» What is expected
With the pictures omitted, print exactly the lines below, from the one containing "Linear Crown Diamond Gents Ring" through the one containing "USGS DYFI community-reported", and nothing else.

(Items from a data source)

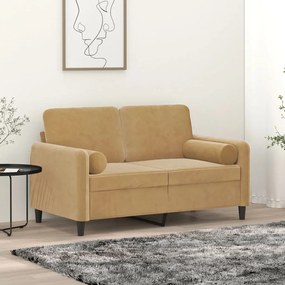 Sofá 2 lugares c/ almofadas decorativas 120 cm veludo castanho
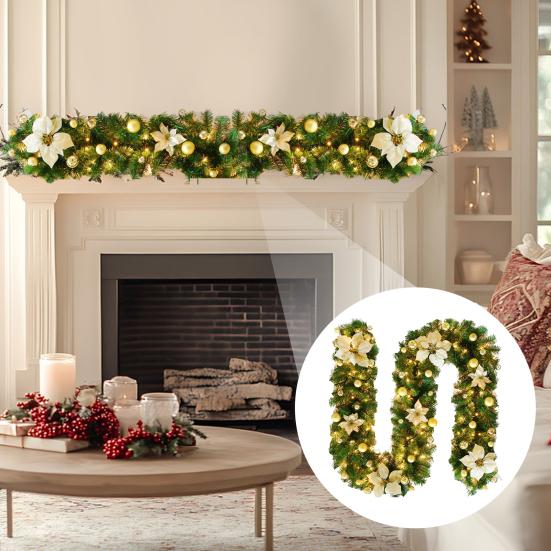 Christmas Illuminate Garland 8.8ft Rattan Christmas Battery Operated Artificial Flower Vine Plants Christmas Decorations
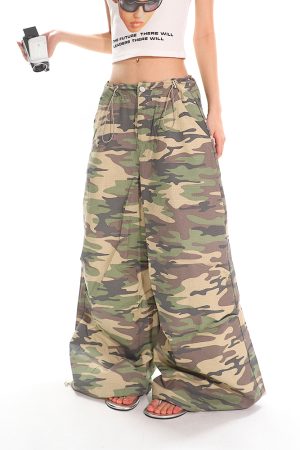 Summer American-Style Camouflage Wide-Leg Pants for Women - Loose Fit, Floor-Length Casual Workwear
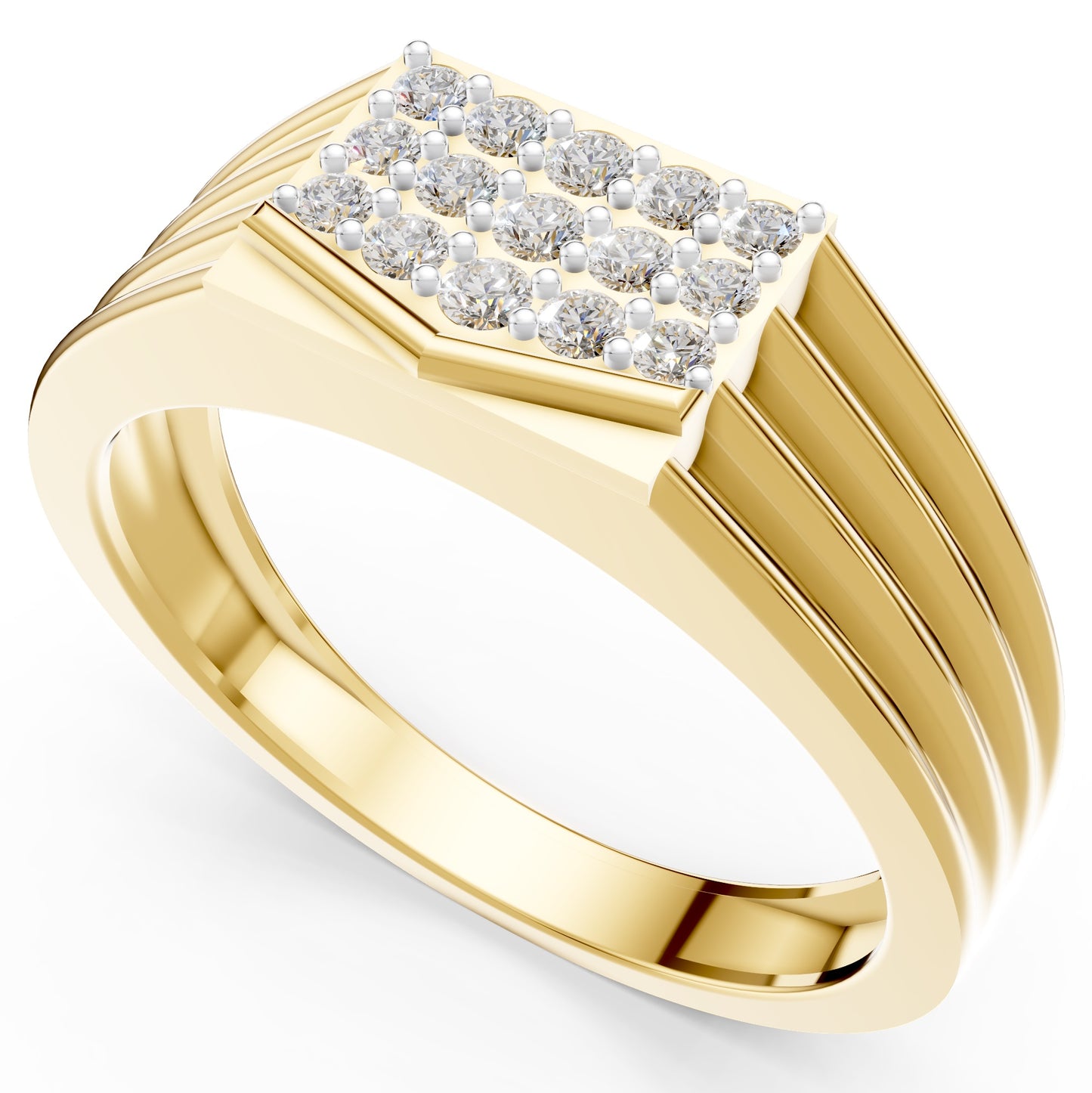 Linear Crown Diamond Gents Ring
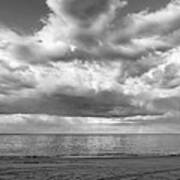 I Heart Crane Beach Heart Shaped Cloud Ipswich Ma Black And White Poster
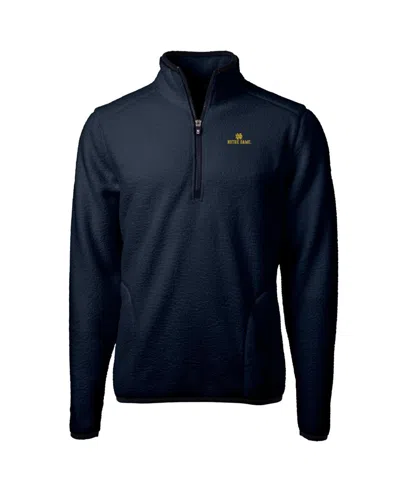 Cutter & Buck Men's Navy Notre Dame Fighting Irish Team Logo Cascade Eco Sherpa Fleece Quarter-zip Pullover Sweats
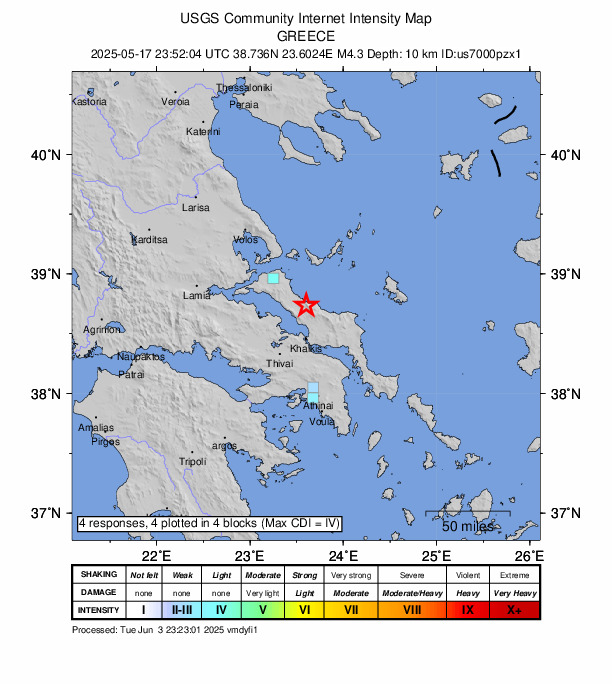 USGS DYFI community-reported intensity map for the M4.3 earthquake near 9 km E of Prokópi, Greece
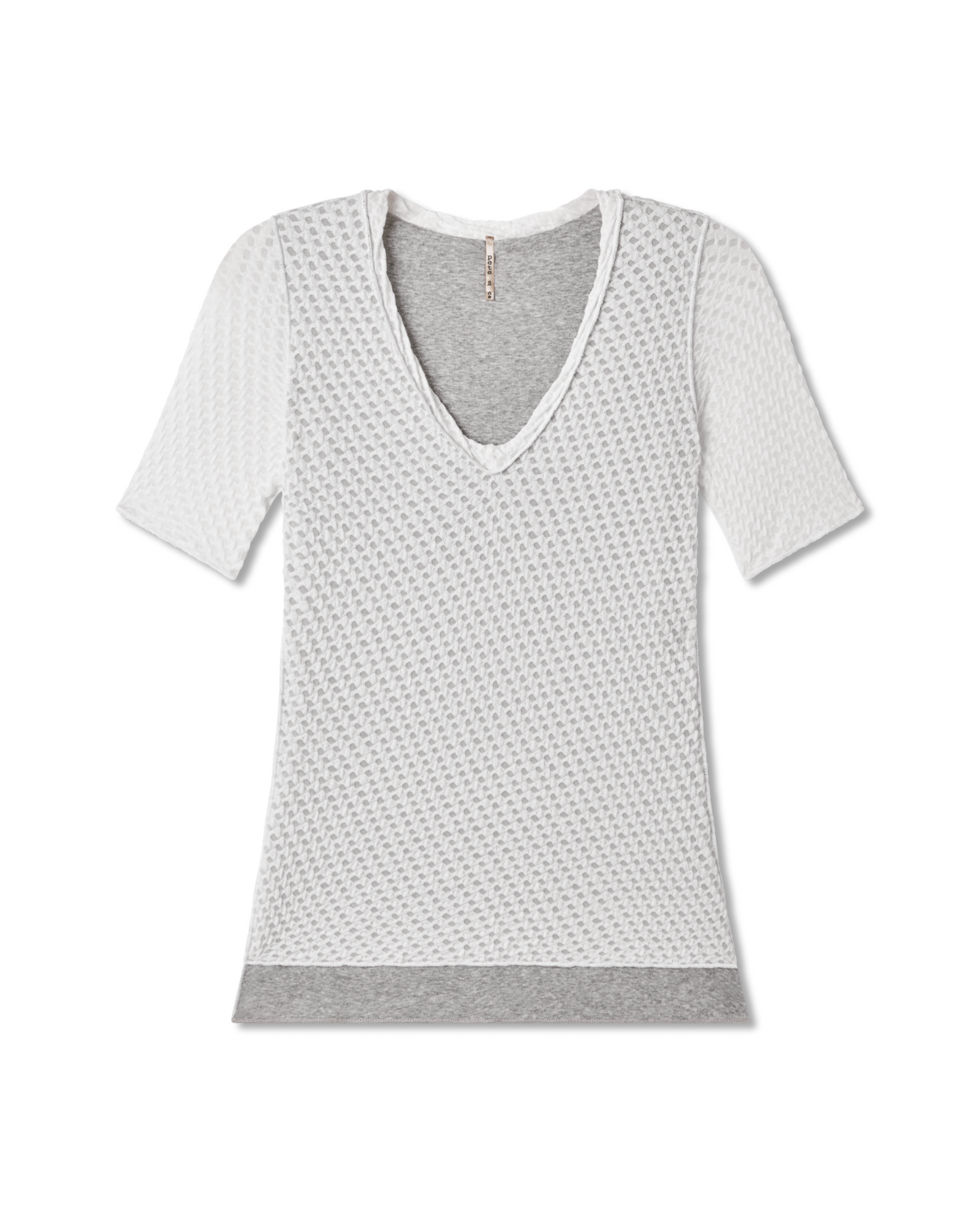 white, coconut milk textured short-sleeve v-neck shirt with a gray lining on a white background. ribbon, jacquard fabric - pete collection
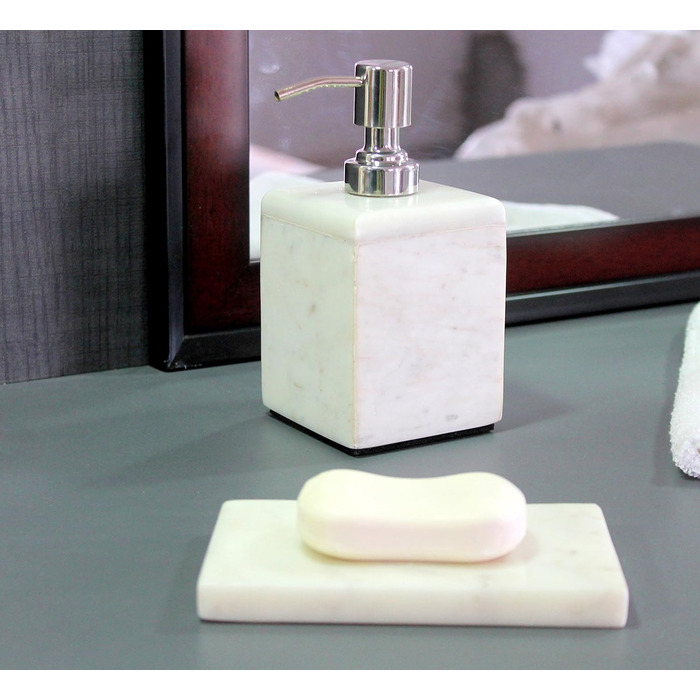 KLEO Luxury 4-Piece Bathroom Accessories Set | Includes Liquid Soap or Lotion Dispenser with Stainless Steel Pump, Toothbrush Holder, Cup, Soap Dish - Bath Set/Bathroom Accessories (2-Piece Set - White)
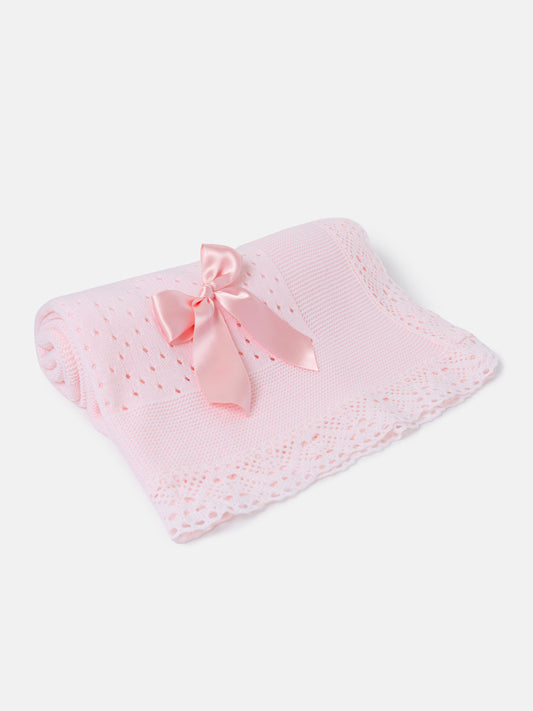 Baby Open Dot Knitted Spanish Blanket with Bow - Baby Pink & Blush Pink Bow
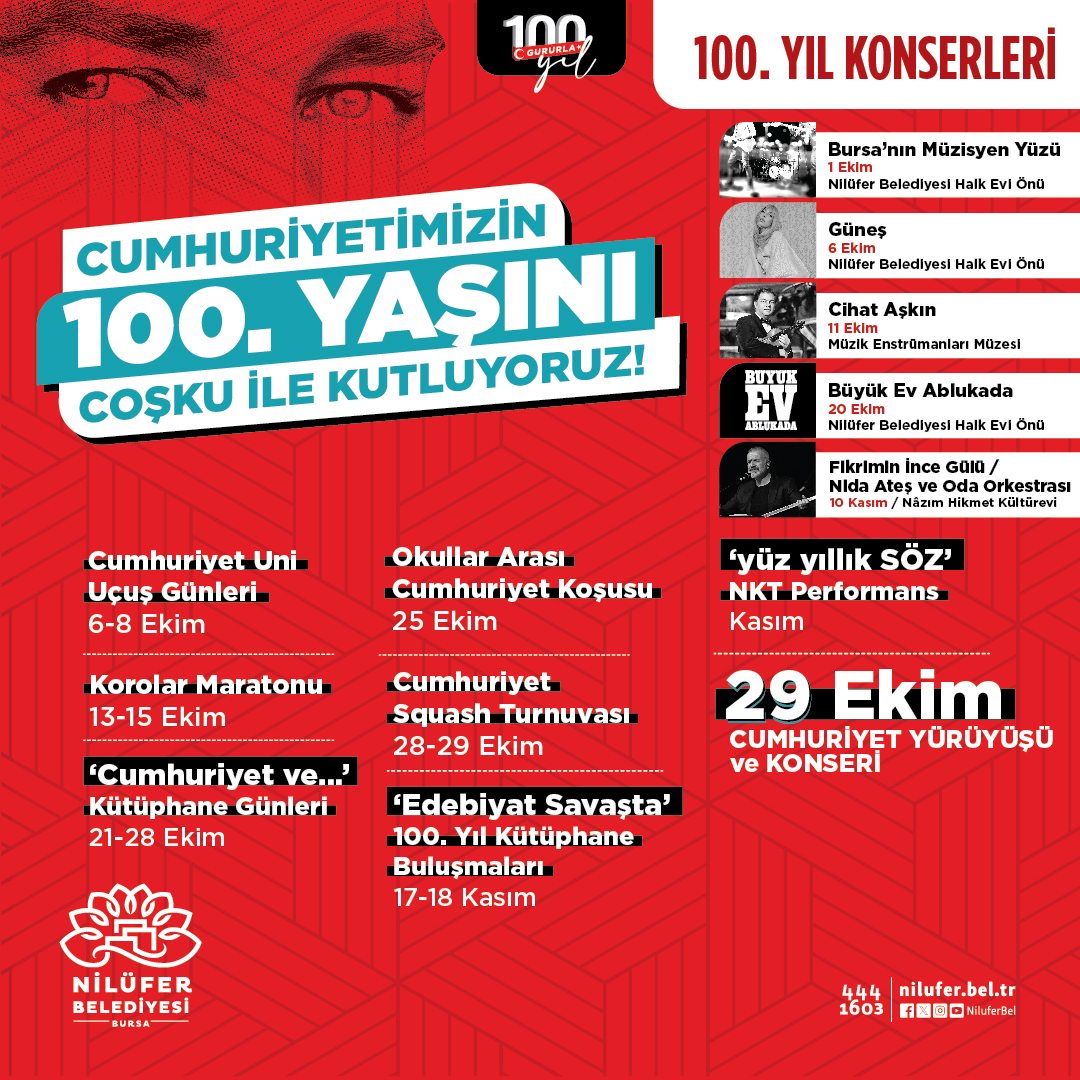 Cumhuriyet’in 100. yılı Nilüfer’de etkinliklerle kutlanacak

» Solution below
 Linear Crown Diamond Gents Ring
 I Heart Crane Beach Heart Shaped Cloud Ipswich Ma Black And White Poster
 Cutter & Buck Men's Navy Notre Dame Fighting Irish Team Logo Cascade Eco Sherpa Fleece Quarter-zip Pullover Sweats
 USGS DYFI community-reported intensity map for the M4.3 earthquake near 9 km E of Prokópi, Greece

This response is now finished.